There are two ways to listen to Minds Eye, over the radio or over the internet through our podcasts and live stream. Please visit our Listener Site for an application and more information.
Minds Eye is pleased to announce the addition of three new shows to our weekly line up. Listeners can now hear the New York Times, the New York Times Magazine and the Riverfront Times every week.
Every November, Minds Eye's programming department seeks publications to continue to round out our diverse program offerings. We talk to our listeners to hear what they miss reading and talk to our volunteers and other friends to hear what they're loving so we can share that with our listeners. Out of that, this year, three new shows were developed.
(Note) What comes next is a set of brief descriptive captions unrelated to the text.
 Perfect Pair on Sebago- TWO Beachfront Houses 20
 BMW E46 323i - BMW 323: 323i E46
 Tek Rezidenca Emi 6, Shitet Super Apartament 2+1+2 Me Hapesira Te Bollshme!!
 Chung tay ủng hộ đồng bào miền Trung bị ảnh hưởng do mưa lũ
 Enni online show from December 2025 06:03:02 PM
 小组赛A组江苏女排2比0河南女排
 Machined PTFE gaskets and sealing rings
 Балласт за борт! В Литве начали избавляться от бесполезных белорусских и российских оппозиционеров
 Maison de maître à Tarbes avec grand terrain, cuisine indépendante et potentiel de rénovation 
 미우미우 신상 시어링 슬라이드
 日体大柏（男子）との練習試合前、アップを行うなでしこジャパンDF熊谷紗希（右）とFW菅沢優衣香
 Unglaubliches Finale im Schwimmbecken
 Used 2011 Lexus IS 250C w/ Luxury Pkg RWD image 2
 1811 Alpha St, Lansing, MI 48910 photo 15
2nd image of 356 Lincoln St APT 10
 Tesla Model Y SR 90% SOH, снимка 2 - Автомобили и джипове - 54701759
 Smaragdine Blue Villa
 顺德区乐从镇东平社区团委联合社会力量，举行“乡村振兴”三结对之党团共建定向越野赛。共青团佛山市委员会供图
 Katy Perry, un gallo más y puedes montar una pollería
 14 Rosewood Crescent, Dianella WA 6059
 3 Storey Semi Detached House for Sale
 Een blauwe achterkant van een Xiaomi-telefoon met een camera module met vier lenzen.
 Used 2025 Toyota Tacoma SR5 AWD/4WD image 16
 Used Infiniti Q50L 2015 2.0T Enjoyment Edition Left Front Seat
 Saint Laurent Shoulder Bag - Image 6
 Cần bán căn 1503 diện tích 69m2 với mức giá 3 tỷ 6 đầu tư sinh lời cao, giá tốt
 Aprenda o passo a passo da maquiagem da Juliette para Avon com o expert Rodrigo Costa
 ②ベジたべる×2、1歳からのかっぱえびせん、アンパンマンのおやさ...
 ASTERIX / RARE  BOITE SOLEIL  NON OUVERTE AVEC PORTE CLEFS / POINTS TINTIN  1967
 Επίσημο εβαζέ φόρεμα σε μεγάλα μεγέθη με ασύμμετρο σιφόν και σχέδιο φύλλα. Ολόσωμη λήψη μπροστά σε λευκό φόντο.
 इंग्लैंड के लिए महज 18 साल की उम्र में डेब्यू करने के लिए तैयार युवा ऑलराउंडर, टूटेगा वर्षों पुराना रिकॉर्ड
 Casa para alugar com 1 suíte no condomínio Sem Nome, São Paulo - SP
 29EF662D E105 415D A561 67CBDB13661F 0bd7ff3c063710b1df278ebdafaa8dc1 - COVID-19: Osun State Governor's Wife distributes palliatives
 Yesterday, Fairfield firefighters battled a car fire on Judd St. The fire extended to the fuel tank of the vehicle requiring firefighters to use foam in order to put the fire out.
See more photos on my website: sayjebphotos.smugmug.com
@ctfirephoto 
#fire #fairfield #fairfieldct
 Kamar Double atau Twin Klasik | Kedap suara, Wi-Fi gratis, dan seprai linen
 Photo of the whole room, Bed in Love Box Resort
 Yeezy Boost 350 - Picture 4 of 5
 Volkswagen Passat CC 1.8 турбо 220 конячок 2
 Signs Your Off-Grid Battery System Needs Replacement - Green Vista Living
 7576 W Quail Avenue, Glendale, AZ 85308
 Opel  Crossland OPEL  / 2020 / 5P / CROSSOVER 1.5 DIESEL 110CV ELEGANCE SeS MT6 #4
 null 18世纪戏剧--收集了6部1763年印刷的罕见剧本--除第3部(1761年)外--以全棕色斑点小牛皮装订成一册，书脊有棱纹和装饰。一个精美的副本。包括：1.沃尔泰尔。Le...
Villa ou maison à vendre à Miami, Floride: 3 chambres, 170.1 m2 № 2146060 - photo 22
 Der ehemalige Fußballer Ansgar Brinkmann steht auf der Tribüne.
Listeners will hear the front sections of the Sunday New York Times each Sunday at 4:00 p.m. The New York Times offers in-depth and up-to-date reporting on some of the world's biggest issues and will give the listeners a chance to really dig into the issues affecting our planet.
Every Saturday at 9:00 p.m., the Sunday Magazine from the New York Times will be heard and will focus on feature stories about art and culture, literature, world affairs, and more.
Finally, local newshounds will hear the Riverfront Times on Saturday at 11:00 p.m. We'll delve into a cover story filled with top notch investigative journalism and get listeners up-to-date on the happenings around St. Louis from the alternative perspective.
All of these programs will also be available for download on our website, and more importantly, all articles will be read as they're printed. Listeners will hear the articles just as sighted people see them.